After the end of the presidency of Augusto B. Leguía y Salcedo on August 27, 1930, Arana withdrew from politics. The Peruvian Amazon Rubber Company existed as a company until 1920, but Arana itself operated its rubber business in the region until the Colombian-Peruvian War in 1932, as a result of which Peru had to renounce its claims to land north of the Putumayu in 1934. Arana had to cede his possessions, which had fallen to Colombia, north of the Putumayu and in Leticia to the Colombian government, for which he and his family received US $ 160,000 in compensation.

He died in Lima in 1952 at the age of 88 as a respected man who had rendered service to the national interests of Peru.
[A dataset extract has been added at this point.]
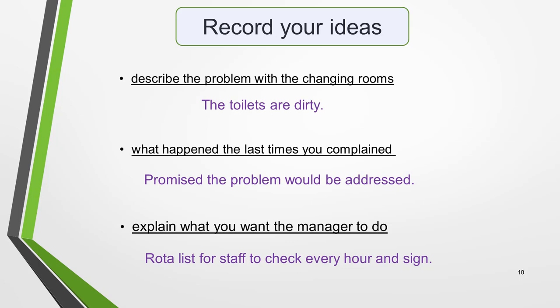Note your ideas beside each bullet point on the exam paper, like this. For 'describe the problem with the changing rooms', I've noted down: the toilets are dirty. For 'what happened the last times you complained', I've written: promised the problem would be addressed. And for 'explain what you want the manager to do', I've jotted down: wrote a rota list for staff to check every hour and sign. That's our planning completed. Once you've had some practice, you'll be able to do this in just a few minutes. Taking time to plan will make writing your IELTS complaint letter far quicker and easier, and you'll also write a better letter and get higher marks.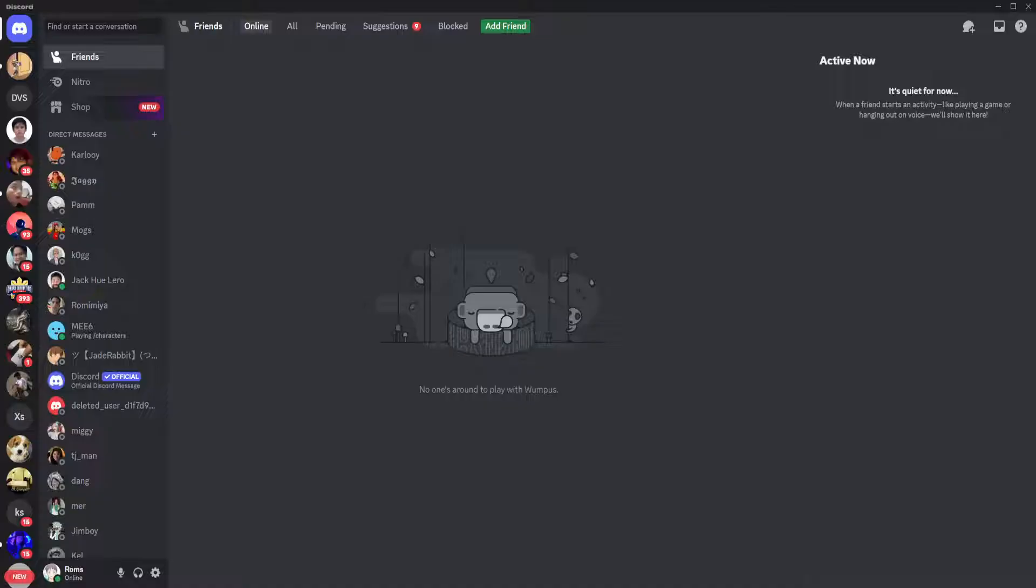So let's get started. The first thing you want to do is open up your Discord app on your PC.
The payments from the Colombian government to his family, brokered through his agent in Iquitos, Víctor Israel, were completed in 1964.

Literary processing

The Peruvian writer Mario Vargas Llosa describes Julio César Arana in detail in his 2010 novel El sueño del celta (German 2011 The Dream of the Celt ), at the center of which he was involved in the investigation of the atrocities of Putumayu, but executed in London in 1916 as an Irish independence fighter Roger Casement is standing.

literature

  • Ovidio Lagos: Arana, rey del caucho: terror y atrocidades en el Alto Amazonas . Emecé Editores, Buenos Aires 2005.
  • Charles C. Mann: 1493: Uncovering the New World Columbus Created . Knopf Doubleday Publishing Group, New York City 2011, pp. 247–249 (cf. excerpt from another edition: Chapter 7: Black Gold . Pp. 329–332).
  • Wade Davis: One River - Explorations and Discoveries in the Amazon Rain Forest . Simon and Schuster, New York City 2010. pp. 236-239.
  • Luisa Abad González: Etnocidio y resistencia en la Amazonía peruana . Ediciones de la Universidad de Castilla-La Mancha, Cuenca (España) 2003. pp. 176-179.
  • José Eustasio Rivera: La Vorágine . Edición crítica, Flor María Rodríguez Arenas. Stockcero, Doral (Florida) 2013.
  • Walter Ernest Hardenburg: The Putumayo: The Devil's Paradise; Travels in the Peruvian Amazon Region and an Account of the Atrocities Committed Upon the Indians Therein . T. Fisher Unwin, London 1912. 347 pages.
  • Michael T. Taussig: Culture of Terror - Space of Death: Roger Casement's Putumayo Report and the Explanation of Torture . Society for Comparative Studies of Society and History, Cambridge University Press, Cambridge 1985. 16 pages.
  • Sir Roger Casement : The Amazon Journal of Roger Casement. Edited by Angus Mitchell. Anaconda Editions, London 1997.

Web links

Individual evidence

  1. ^ Clements R. Markham (1913): The Putumayu and the Question of Boundaries between Peru and Colombia . The Geographical Journal 41 (2), pp. 145-147.
  2. ^ Mariano Ospina Peña: El paraiso del diablo ( Memento of October 30, 2013 in the Internet Archive ). Caballeros Andantes.
  3. Wade Davis: One River - Explorations and Discoveries in the Amazon Rain Forest . Simon and Schuster, New York 2010. pp. 236-239.